Наташа ответила не слишком быстро. Во время секса Джоффри повел себя иначе, чем обычно. Не было скрытности, застенчивости, не требовалось уговоров. Он с радостью спрашивал о ее желаниях и с естественным, неоскорбительным авторитетом сам высказывал просьбу.

– Почему ты не хочешь поделиться деталями? – потребовала Анна.

Обычно Наташа была более открытой.

– Наверное, он совсем никудышный?

Анна заметила, что эффект, произведенный этим мужчиной на Наташу, был столь велик, что подруга даже не хотела этим делиться. В свою очередь она не рассказывала Наташе о Ричарде и о том, что их занятия любовью были по-прежнему на высшем уровне. Никто из них не хотел говорить. Никогда прежде между подругами не повисало тишины, когда им столько всего надо было обсудить. Девушки только обменялись улыбками, потому что им не хотелось впускать холод в свои отношения. А затем Анна вернулась к Ричарду, а Наташа отправилась к родителям.

– Ненавижу эти затраханные воскресенья, – произнесла Наташа с сарказмом.

– А я люблю трахаться по воскресеньям, – ухмыльнулась Анна.

Автобусы по выходным ходили нерегулярно, и Наташа приехала слишком рано. Желая оказаться сейчас где угодно, только не в доме собственных родителей да еще раньше времени, она убивала минуты, прогуливаясь по знакомому с детства району, мимо домов с орнаментами и узорами, которые не изменились с тех пор как она была ребенком, дошла до тупика, в котором еще подростками они с Анной слонялись без дела. Квартал так мало изменился с тех пор, что возникало странное ощущение, будто люди его просто покинули. Наташа проходила мимо домов, которые, как она вспоминала, принадлежали ее друзьям, друзьям родителей или просто знакомым. В ее памяти район этот всегда был полон жизни, хаотичного движения и интриг. Сегодняшним воскресным утром, если не считать пары проехавших мимо машин, здесь было пусто.

– Эй, есть здесь кто? – осмелилась закричать Наташа.

Ответа не последовало. Хорошо бы сейчас вернуться домой и рассказать Анне все о Джоффри. Все: ее опасения, связанные с его сдержанностью, и радость, которую доставляла ей его компания. Наташе хотелось рассказать о его неожиданной сексуальности.

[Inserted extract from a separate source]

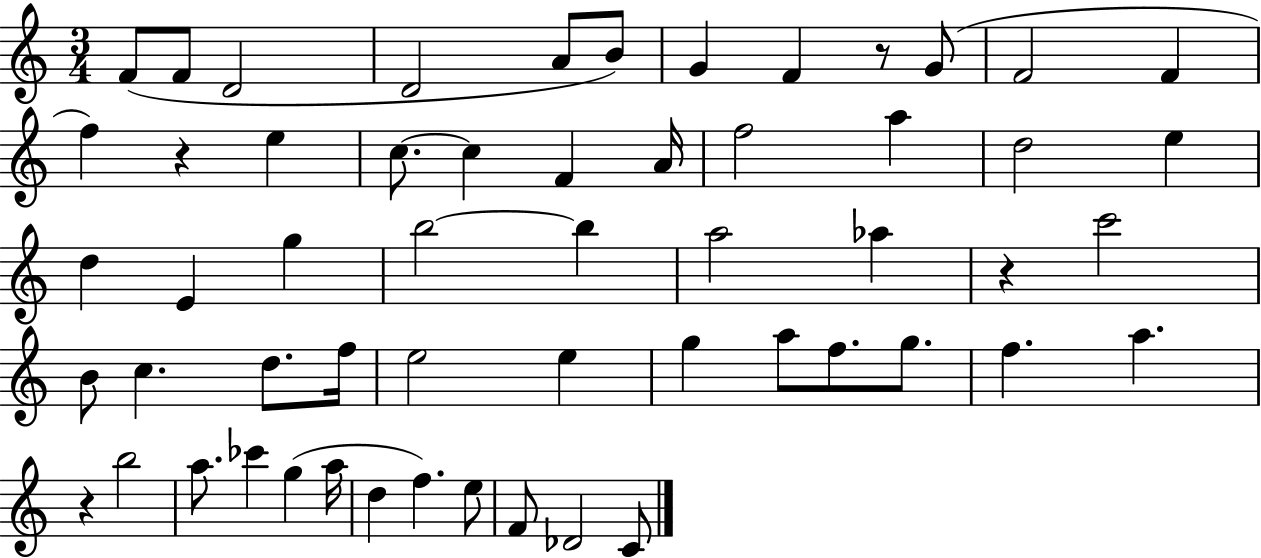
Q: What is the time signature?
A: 3/4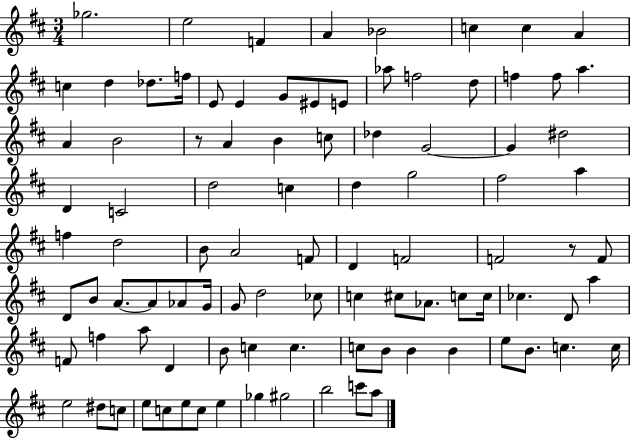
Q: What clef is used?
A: treble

Ей столь многим хотелось поделиться. И вместо этого она обязана была торчать у родителей. «Если я услышу какую-нибудь чушь, я им отвечу. Я притворюсь, что знаю развязку сериала и открою им все!»

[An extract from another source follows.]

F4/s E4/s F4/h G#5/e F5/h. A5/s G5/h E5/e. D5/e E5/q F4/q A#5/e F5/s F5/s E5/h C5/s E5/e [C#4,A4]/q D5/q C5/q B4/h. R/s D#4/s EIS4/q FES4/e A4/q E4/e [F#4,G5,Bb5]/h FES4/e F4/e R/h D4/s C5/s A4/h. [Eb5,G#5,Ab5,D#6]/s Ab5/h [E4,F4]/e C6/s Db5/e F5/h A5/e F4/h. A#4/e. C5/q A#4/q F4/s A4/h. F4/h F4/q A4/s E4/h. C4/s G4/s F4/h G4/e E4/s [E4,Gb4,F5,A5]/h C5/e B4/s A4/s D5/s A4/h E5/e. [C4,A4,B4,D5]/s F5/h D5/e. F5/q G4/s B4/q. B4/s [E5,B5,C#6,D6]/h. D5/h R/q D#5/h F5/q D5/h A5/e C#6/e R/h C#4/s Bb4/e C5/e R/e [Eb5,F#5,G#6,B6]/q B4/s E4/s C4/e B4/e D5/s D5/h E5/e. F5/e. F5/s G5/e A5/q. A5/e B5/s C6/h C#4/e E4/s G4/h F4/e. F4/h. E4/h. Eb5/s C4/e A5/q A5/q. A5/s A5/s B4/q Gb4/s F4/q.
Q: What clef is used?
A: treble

Наташа подходила к дому, с каждым шагом приближаясь к кошмару, в котором мать постоянно нападает на отца, отец неизменно молчит в ответ, а между ее сестрой и будущим зятем вспыхивают глупейшие споры.

Больше всего Наташу угнетал грядущий разговор с Брендой. Но та никогда этого не понимала. По ее мнению, они были сестрами и по определению должны быть близки. Бренда ждала, что Наташа будет с ней делиться сокровенным, ходить по магазинам и бывать вместе на людях, но таких отношений у них не было никогда, даже когда они были гораздо моложе. Неважно, сколько раз Наташа отказывалась, Бренда не оставляла попыток. Наташа никогда не искала общества Бренды, а если та оказывалась в ее компании, то чувствовала себя не комфортно.

Наташа остановилась. Она достала мобильный телефон. Сейчас она позвонит Анне и попросит, чтобы та перезвонила ее родителям и наврала, что Наташа заболела, так бывало, когда она хотела прогулять работу. Но мать может воспользоваться предлогом, чтобы ее навестить. Она убрала телефон.

Неподдельно больная, с опухшим лицом, измученная и с раскалывающейся головой, Наташа вошла в дом через кухню, сквозь жар и пар, кивнула отцу и без колебания шагнула в гостиную. Колебаться – значит думать о предстоящих нескольких часах, а это было мучительно.

Во время обеда Бренда не преминула спросить о Джоффри. С интонацией, которая не оставила Бренде сомнений – если она будет приставать дальше, Наташа ей ответит совсем по-другому, она сказала, что, к счастью, все еще встречается с ним.

Повисла тишина, как на поминках.

Кит не поднимал головы от тарелки с едой; он сооружал замок из пюре, со рвом, наполненным подливкой, расплющивая каждую зеленую горошину с ожесточением, словно это была голова его невесты. Бренда следила за его движениями. Затем она медленно закрыла глаза и качнула головой. Раздался вздох. Отец и мать сочувственно взглянули друг на друга: они со стыдом распознали на своих лицах ту же печаль и покорное выражение.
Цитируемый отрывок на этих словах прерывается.